How do you solve `3x^2+5x-2=0`?

Answer 1

`x = -2 or x = 1/3`

Explanation:

Factorise to get `(3x - 1)(x + 2) = 0`

hence
`3x - 1 = 0 or x + 2 = 0`

giving
`x = 1/3 or x = -2`

Answer 2

`x = 1/3 or x = -2`

Explanation:

Find factors of 3 and 2 which subtract to make 5.

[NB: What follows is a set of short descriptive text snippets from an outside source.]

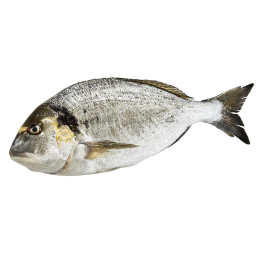 Dorade 900gr (Kg-Preis) - Einzeln (Portugal)
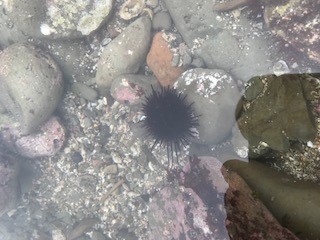 小さなウニ(種類は不明)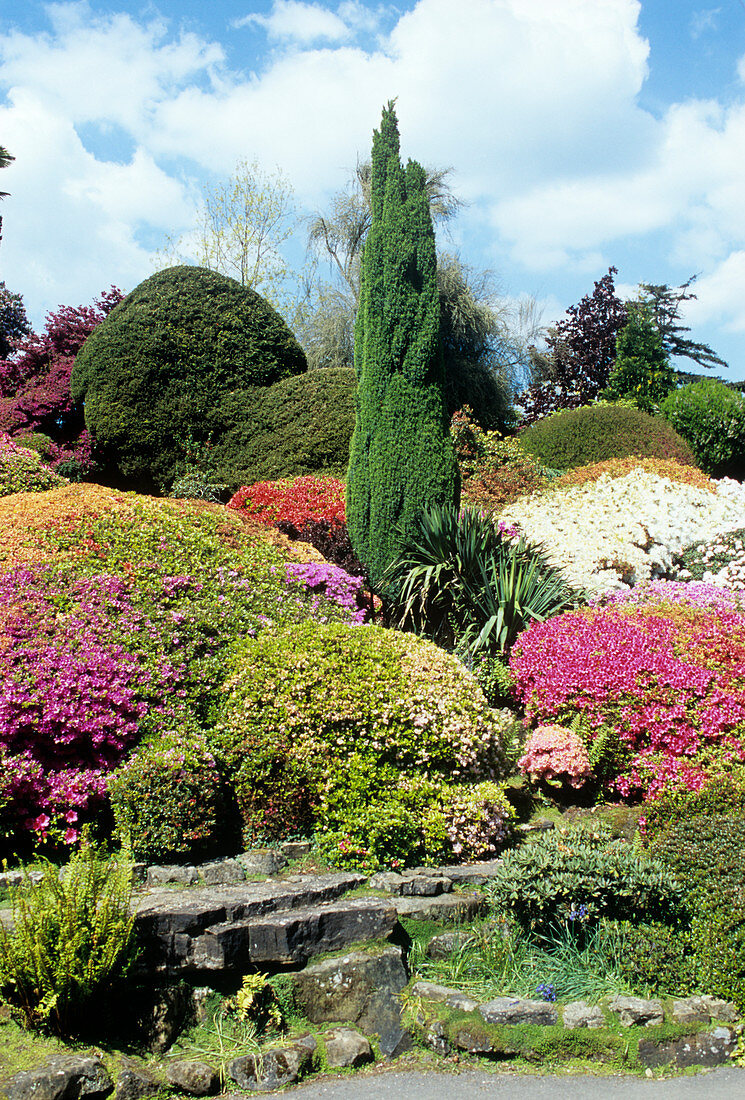 Rhododendron,Azalea and Conifers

We should realise that (3x2) - 1 = 5.
Find the cross products and subtract to get 5.

`3" "1 " "rArr 1xx1 =1`
`1" "2" "rArr 3xx2 = 6 " "(6-1 = 5)`

Add in the signs.

`3" "-1 " "rArr 1xx-1 =-1`
`1" "+2" "rArr 3xx+2 = +6 " "(+6-1 = +5)`

`(3x-1)(x+2) = 0`
One of the factors must be 0.

If `3x-1 = 0, " then " x = 1/3`
If `x+2 = 0, " then " x = -2`

Answer 3

There is only one way to deal with factorization. That is lots of practice.
`x=+1/3`

`x=-2`

Explanation:

Given:`" "3x^2+5x-2=0`
'............................................................................................................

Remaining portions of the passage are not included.